Para conocer mejor cuánto ganan las esteticistas de uñas según los distintos modelos salariales, lee nuestro blog.
Salario base más comisiones
Una base salarial por horas o fija, complementada con una comisión, ya sea desde el primer dólar o a partir de un umbral de ingresos. Esta es la estructura más habitual por una razón: los estilistas obtienen estabilidad, los propietarios cuentan con una plantilla a la que pueden asignar tareas fuera del horario de atención al cliente (formación, limpieza, creación de contenidos) y resulta más fácil contratar personal en comparación con el modelo de alquiler de puestos. La contrapartida es la disciplina en los costes: el salón debe pagar el salario base tanto si hay mucha actividad como si hay poca, por lo que el porcentaje de comisión debe fijarse por debajo del de un plan de comisión pura.

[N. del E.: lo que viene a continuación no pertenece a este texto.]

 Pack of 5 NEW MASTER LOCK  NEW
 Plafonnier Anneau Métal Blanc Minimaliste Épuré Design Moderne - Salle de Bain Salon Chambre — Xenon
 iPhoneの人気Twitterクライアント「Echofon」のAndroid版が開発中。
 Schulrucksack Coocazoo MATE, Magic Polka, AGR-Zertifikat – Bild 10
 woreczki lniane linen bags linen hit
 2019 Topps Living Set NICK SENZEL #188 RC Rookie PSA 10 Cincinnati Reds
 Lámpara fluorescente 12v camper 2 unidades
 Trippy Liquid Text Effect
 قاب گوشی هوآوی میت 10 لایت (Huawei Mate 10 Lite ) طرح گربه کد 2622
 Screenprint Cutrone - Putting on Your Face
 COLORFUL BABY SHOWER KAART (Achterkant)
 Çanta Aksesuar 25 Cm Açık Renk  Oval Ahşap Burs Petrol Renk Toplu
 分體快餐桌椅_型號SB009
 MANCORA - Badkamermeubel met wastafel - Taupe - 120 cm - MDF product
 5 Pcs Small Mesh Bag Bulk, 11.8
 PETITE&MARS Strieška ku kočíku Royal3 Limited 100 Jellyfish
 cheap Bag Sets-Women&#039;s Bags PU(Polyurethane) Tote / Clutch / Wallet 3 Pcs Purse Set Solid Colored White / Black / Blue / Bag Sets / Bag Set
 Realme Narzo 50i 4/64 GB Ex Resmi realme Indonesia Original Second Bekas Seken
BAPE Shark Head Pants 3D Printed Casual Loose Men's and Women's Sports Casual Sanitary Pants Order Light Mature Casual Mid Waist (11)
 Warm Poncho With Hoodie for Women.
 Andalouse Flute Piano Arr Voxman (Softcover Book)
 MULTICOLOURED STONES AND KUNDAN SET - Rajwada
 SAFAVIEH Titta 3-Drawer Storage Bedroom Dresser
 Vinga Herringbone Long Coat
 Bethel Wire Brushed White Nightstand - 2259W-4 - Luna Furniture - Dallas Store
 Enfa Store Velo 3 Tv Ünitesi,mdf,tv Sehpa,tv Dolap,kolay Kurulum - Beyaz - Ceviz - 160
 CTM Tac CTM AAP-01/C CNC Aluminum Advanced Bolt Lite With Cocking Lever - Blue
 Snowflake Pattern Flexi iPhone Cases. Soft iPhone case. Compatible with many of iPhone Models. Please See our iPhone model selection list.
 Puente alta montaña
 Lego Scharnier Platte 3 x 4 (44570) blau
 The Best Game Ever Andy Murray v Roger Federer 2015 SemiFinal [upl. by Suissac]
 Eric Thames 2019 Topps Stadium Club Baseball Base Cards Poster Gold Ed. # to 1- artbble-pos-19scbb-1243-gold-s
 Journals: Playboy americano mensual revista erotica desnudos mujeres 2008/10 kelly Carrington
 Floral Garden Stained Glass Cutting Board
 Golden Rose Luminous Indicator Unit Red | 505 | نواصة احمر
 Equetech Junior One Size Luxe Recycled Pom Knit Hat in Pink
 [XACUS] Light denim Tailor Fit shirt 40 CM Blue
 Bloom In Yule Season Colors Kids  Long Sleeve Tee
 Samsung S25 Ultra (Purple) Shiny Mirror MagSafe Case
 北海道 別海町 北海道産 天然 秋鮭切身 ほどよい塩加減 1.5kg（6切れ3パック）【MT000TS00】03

Comisión por tramos (y escala móvil)
Tarifas que aumentan en función de los ingresos: por ejemplo, un 40 % sobre los primeros 6.000 dólares de ingresos mensuales por servicios, un 45 % hasta los 9.000 dólares y un 50 % a partir de ahí. Una comisión de peluquería con escala móvil es el mismo concepto, pero con más tramos. Los tramos son la mejor solución al dilema al que todo propietario se enfrenta tarde o temprano —«Mi mejor estilista quiere un aumento de sueldo»—, ya que el aumento ya está incorporado y se autofinancia: las tarifas más altas solo se aplican a los ingresos que ya están en caja. Hay dos decisiones de diseño importantes: si la tarifa máxima se aplica a todos los ingresos de un estilista una vez que alcanza un umbral (de modo que alcanzar el nivel de 9.000 dólares significa que todo se paga al 50 %), o si cada tramo se paga según su propia tarifa (de modo que solo los ingresos por encima de los 9.000 dólares reciben el 50 %, mientras que todo lo que esté por debajo se sigue pagando a las tarifas más bajas). La otra decisión es dónde se sitúan los umbrales en relación con las cifras reales de tus estilistas: los tramos que nadie puede alcanzar desmotivan al personal con la misma eficacia que no tener ningún tramo.
Artículo relacionado: Cómo apoyar a tus proveedores de servicios con gran volumen de demanda
Comisión con deducciones de costes (deducciones de caja)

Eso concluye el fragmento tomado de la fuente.